Viewing deep-sky objects with the SkyLine 6, or any telescope, is dependent on your light pollution levels, but even city skies will still allow you to see bright open and globular clusters along with of course double stars. Dark skies will enable the SkyLine 6 to reveal thousands of galaxies, including the dust lanes and hints of spiral arms in some of the brightest ones, as well as resolve globular star clusters into their individual stellar components. The large emission nebulae like the Orion Nebula, the Lagoon, and the Swan look wonderful, especially with an added UHC filter, and you can start to go after the smaller and colorful planetary nebulae like the Cat’s Eye or the Ring.
Drawbacks
Slightly More Expensive
No 2″ Focuser
The SkyLine 6 is slightly more expensive than other 6” f/8 Dobsonians, such as the XT6, but by the time you account for the SkyLine’s included eyepiece the gap is pretty much closed. The Apertura DT6 is exactly the same telescope as the SkyLine 6” apart from the lack of a 9mm eyepiece and often available at a lower price, but not always in stock. The only scope we might consider having better value is the Sky-Watcher Heritage 150P which has a wider field of view, collapsible tube, and considerably lower price, but it’s a tabletop telescope and also subject to stock issues at this time.

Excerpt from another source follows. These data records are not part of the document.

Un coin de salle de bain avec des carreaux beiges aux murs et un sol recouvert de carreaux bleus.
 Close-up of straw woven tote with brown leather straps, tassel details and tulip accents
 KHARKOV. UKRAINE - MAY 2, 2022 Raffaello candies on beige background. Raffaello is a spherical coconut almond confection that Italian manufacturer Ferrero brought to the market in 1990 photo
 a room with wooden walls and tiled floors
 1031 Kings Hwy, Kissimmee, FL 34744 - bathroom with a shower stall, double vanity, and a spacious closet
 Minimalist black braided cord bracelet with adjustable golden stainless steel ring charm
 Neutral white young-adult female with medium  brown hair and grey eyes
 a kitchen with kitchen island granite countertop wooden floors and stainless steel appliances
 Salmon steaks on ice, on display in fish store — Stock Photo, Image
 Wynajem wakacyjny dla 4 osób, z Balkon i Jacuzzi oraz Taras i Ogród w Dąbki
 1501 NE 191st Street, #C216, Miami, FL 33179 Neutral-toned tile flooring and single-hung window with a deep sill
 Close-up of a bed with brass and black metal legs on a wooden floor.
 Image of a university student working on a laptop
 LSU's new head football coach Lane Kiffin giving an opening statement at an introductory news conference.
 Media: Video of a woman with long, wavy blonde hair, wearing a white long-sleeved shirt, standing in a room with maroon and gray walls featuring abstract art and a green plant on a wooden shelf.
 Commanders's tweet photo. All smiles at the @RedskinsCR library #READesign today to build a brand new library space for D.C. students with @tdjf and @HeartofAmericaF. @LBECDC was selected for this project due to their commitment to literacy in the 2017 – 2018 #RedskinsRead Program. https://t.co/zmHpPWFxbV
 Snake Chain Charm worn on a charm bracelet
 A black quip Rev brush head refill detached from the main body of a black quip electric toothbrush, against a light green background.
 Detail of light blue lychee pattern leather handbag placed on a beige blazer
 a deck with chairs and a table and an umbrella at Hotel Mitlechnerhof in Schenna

The lack of a 2” focuser on the SkyLine 6” is considered to be a drawback by some, but vignetting occurs with many of the mass-market 6” f/8 telescopes and 2” eyepieces even if they can technically accommodate them.
Conclusion
The Orion SkyLine 6” is a great scope, and one that we certainly recommend, though we’d recommend seeing if the Apertura DT6 is in stock at a lower price before purchasing. An 8” or 10” scope from Orion, Apertura, or another manufacturer may also be worth considering, as one will have basically the same size tube and mount but provide much better views due to the greater light gathering ability and resolving power that more aperture brings.